I have a struct parent and child, where child is a struct of int. I use malloc() to allocate ram for both the parent and the child structs (where the child struct is malloc() to the size of an array of the child struct). I then use memcpy to copy the array over to the parent struct.
#include <stdlib.h>
#include <stdio.h>
#include <string.h>
typedef struct child child_t;
typedef struct parent parent_t;
struct child {
int item;
};
struct parent {
child_t *_child;
};
child_t list[] = {
{ .item = 1 },
{ .item = 2 },
{ .item = 3 },
};
int main(void) {
parent_t *_parent = malloc(sizeof(parent_t));
_parent->_child = malloc(sizeof(list));
memcpy(&_parent->_child, &list, sizeof(list));
free(_parent->_child);
free(_parent);
printf("success\n");
return 1;
}
free(_parent->_child);
just ends up giving me Aborted (core dumped) as an error.

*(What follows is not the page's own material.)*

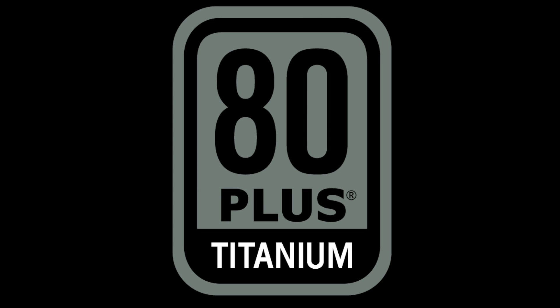Nothing beats titanium with the EVJ Supernova 750, 850, and 1000 T2 power supplies.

I've checked the ram usage, and I can tell that I should be freeing the child, but I'm not sure how to do so.
Upvotes: 0
Views: 295
Reputation: 7482
memcpy(&_parent->_child, &list, sizeof(list));
is the problem.
Try with:
memcpy(_parent->_child, list, sizeof(list));
The signature of memcpy
is:
void *memcpy(void *str1, const void *str2, size_t n)
and you are passing a pointer to a pointer instead.
This triggers undefined behaviour because your buffers contains trash basically which free()
can't use.
Upvotes: 0
Reputation: 34560
You should remove the &
s from the memcpy
statement. _parent->_child
is already an address, and the array list[]
will decay to a pointer. The effect of what you are doing is to overwrite the pointer member itself (and other) instead of the memory it is pointing to.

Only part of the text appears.